Haifaa Al-Mansour (R) on set during the filming of ‘Unidentified.’ (Supplied)

Nawal does have at least one supporter: her boss and mentor Majid, played by Shafi Alharthi. Again, Al-Mansour’s experience was similar. “I was fortunate to have people who may not have fully understood my perspective at first, but who chose to listen and stand beside me. Those allies matter enormously,” she says. “Majid is not perfect; he hesitates, he is shaped by the same system as everyone else. But his willingness to support Nawal, even quietly, reflects the kind of allyship that can make real change possible.” 

The chemistry between the two actors is a crucial part of the movie. Both appeared in Al-Mansour’s previous feature, 2019’s “The Perfect Candidate,” and the director says that she wrote “Unidentified” with the two of them in mind and “designed the characters around them.”  

She explains: “I didn’t want Nawal to feel like a symbol; she needed to feel human. Mila has an incredible ability to communicate inner conflict with restraint. She doesn’t overplay emotion — you see it in her eyes, in her stillness. She brought vulnerability and strength in equal measure. And Shafi is such a big teddy bear, I knew that he would be sympathetic as a mentor figure, and not too intimidating or rough. Their connection is subtle, based on respect rather than romance, and that was important. Shafi brings warmth and intelligence to Majid. He makes the character believable as someone who is evolving, not suddenly enlightened. That dynamic supports the emotional core of the film.” 

Mila Al-Zahrani as Nawal in ‘Unidentified.’ (Supplied)

As she suggested earlier, Al-Mansour was not looking just to create a “whodunnit,” but to use the crime as a way of exploring social and cultural issues.
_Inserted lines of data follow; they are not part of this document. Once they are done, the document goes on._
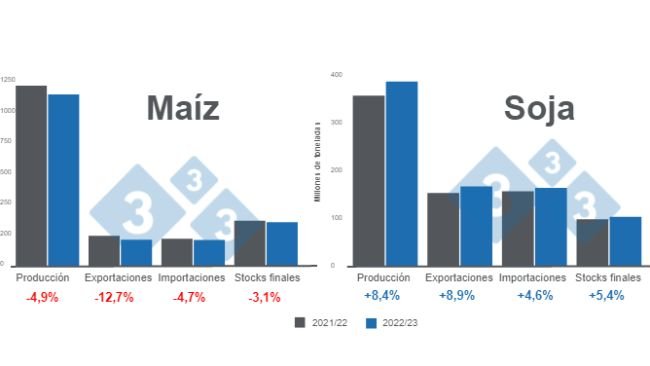 Fuente: USDA - WASDE enero 2023.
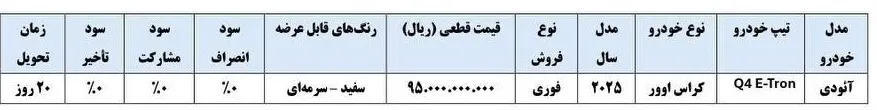 شرایط ثبت نام خودروهای وارداتی تیر ۱۴۰۵/ با مسدودسازی ۵۰۰ میلیون تومان خودرو بخرید+ لینک شرایط ثبت نام خودروهای وارداتی تیر ۱۴۰۵/ با مسدودسازی ۵۰۰ میلیون تومان خودرو بخرید+ لینک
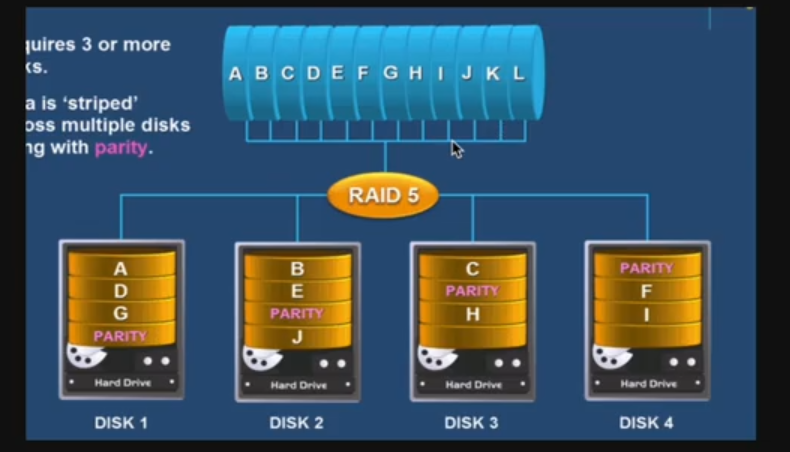 RAID5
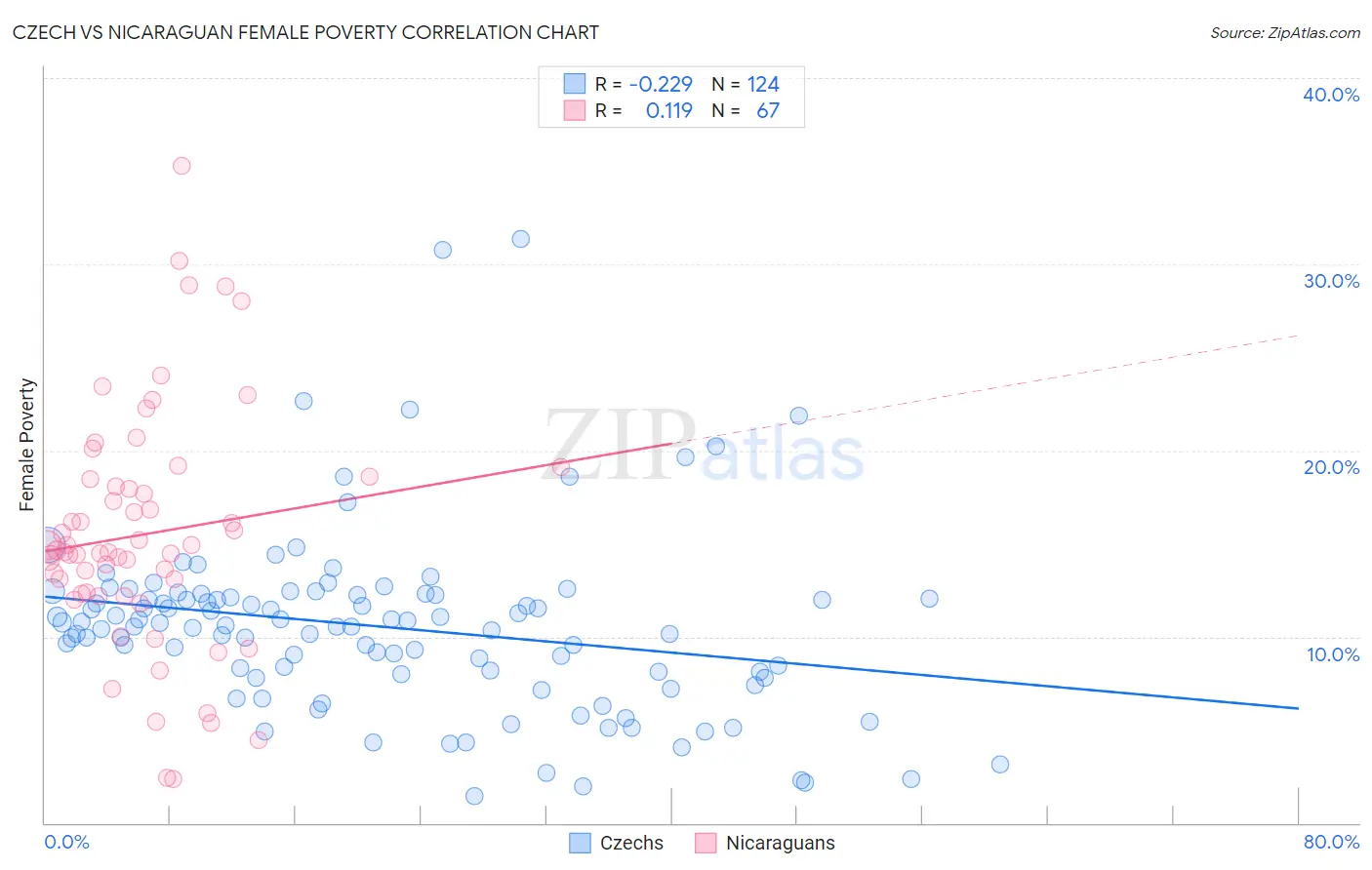 Czech vs Nicaraguan Female Poverty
Throughout the film, several of the young female characters express dissatisfaction with gender roles and societal expectations.  

“These conversations are happening more openly now (in the Kingdom), especially among younger women,” says Al-Mansour. “There is ambition, impatience, hope, and frustration all existing at the same time. That is what happens during periods of rapid change like the kind we are seeing now. And that is very healthy!  

“As a Saudi filmmaker, I’m really excited to add to the discussion on these subjects, and I believe it is important to reflect lived-reality honestly. Cinema has a responsibility not just to celebrate progress, but also to ask what still hurts, what still needs work. For me, storytelling is a way to participate in that conversation, not to give answers but to create space for dialogue,” she continues. “My main goal with this film was to challenge the audience, to present problems that seem to have ‘tidy’ solutions, and then present additional information that throws everything into question.” 

What she hopes “Unconditional” will achieve, she says, is to make audiences think about “the cost of silence — and the courage it takes to name what others would rather ignore” and to “question the root causes of these issues, and look beyond the expected conclusion to the difficult questions beyond.” 

She concludes: “If the film encourages empathy, conversation, and a willingness to look closer at what we choose not to see, then it has done its job.”